Wind, Solar, Mass Transit Threatened By Expiring Year-End Measures
The President showed up unscheduled at a White House briefing today to excoriate House Republicans for fouling up a Senate deal on a stopgap measure to extend the payroll tax cut, unemployment benefits and a doctor’s reimbursement fix. He said that “This is not poker, this is not a game for the millions of Americans who will take a hit because the economy grows more slowly,” and urged that the House take up the Senate package right away. Similarly, Republican Senator Scott Brown ripped his House colleagues today for “playing politics” with the bill.
There’s no question that taking money out of the economy at this time, especially on unemployment benefits, which have a high multiplier because they immediately get spent, is extremely unwise.

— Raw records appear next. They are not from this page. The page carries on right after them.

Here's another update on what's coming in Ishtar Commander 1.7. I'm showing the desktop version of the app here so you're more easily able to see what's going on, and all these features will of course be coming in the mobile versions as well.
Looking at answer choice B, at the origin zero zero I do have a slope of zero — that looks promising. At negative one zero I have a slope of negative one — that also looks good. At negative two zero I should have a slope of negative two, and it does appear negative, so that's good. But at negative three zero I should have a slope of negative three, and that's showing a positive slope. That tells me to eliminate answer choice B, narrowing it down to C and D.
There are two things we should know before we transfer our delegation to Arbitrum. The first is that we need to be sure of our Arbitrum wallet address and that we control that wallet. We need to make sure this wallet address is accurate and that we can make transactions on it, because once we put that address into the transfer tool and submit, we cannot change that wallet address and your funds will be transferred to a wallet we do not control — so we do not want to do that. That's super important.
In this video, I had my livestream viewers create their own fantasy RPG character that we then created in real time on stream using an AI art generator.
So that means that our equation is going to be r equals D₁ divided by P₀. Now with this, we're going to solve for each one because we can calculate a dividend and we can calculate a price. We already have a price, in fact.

The economy is growing slowly now, and a failure to extend these measures will slow that growth even further. Combined with the threats from Europe, you could imagine a recession next year as a result. (In fact, you could argue that Republicans are banking on it.)
But there are a number of other measures that also will not get extended into next year, which in their own way will also have a detrimental impact on the economy. Because Congress is so hung up on the payroll tax, UI and the doc fix, the other expiring measures haven’t garnered much attention. But Brad Plumer points out a few, including the production tax credit for wind energy:
The production tax credit for wind power. This credit pays wind-turbine owners 2.2 cents for every kilowatt-hour of electricity that they produce in their first 10 years of operation. It’s a boost that the wind industry says it badly needs to compete with coal, which gets to fob off its pollution costs on a breathing public. Thanks in part to the credit, wind power has grown 37 percent per year since 2009. (Technically, the wind credit doesn’t wind down until the end of 2012, but given that siting, permitting and construction for the projects take about a year, companies have effectively run out of time to qualify.)

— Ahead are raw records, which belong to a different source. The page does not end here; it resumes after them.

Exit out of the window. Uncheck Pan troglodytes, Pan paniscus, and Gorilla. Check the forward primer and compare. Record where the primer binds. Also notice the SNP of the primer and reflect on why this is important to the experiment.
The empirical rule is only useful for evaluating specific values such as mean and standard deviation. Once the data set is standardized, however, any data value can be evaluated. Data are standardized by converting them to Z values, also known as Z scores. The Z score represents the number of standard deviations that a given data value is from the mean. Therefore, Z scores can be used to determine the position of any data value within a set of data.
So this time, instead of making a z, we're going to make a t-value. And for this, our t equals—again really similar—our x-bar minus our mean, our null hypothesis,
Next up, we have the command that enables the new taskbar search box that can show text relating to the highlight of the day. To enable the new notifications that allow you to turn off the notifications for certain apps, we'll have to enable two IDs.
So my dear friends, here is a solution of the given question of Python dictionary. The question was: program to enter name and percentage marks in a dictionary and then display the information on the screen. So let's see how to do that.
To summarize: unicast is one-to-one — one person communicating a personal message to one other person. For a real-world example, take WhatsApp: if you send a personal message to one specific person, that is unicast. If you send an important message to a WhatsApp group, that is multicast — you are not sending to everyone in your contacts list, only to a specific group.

How bad will this hurt the wind industry? One clue: Congress has let this credit lapse three times since 1999, and every time it does, new wind generation tends to plunge roughly 70 percent. A study released this week by Navigant Consulting found that, without the credit, investment in wind power would sink from $15.6 billion in 2012 to $5.5 billion in 2013 — though, fair warning, this study was commissioned by the wind industry itself.

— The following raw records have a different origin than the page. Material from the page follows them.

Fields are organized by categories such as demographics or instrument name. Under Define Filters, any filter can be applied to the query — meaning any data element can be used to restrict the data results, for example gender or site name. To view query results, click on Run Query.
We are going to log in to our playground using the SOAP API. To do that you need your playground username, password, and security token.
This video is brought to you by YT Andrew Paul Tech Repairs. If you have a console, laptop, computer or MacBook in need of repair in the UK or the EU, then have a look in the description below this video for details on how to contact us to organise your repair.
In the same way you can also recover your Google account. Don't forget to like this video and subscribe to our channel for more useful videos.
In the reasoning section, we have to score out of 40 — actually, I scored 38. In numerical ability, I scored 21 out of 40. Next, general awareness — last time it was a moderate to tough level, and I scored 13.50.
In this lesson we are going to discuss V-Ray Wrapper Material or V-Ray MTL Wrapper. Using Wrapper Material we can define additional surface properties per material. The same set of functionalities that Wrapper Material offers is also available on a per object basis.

In addition, a solar energy grand program, which makes it easier for the solar industry to qualify for tax credits, and a tax benefit for commuters who use public transportation are on the chopping block. And there are a host of other “tax extenders” that will go by the boards.
Some of the more naked corporate tax breaks frankly need to go. But losing the production tax credit for wind energy, in particular, would be a tragedy, causing the loss of up to 37,000 jobs, according to the industry’s trade group. So even if Congress miraculously passes the big-ticket items in a year-end package, fiscal policy as 2012 begins will look a bit worse than fiscal policy in 2011. And if the deal on the payroll tax and UI does, in fact, collapse, that gulf widens significantly.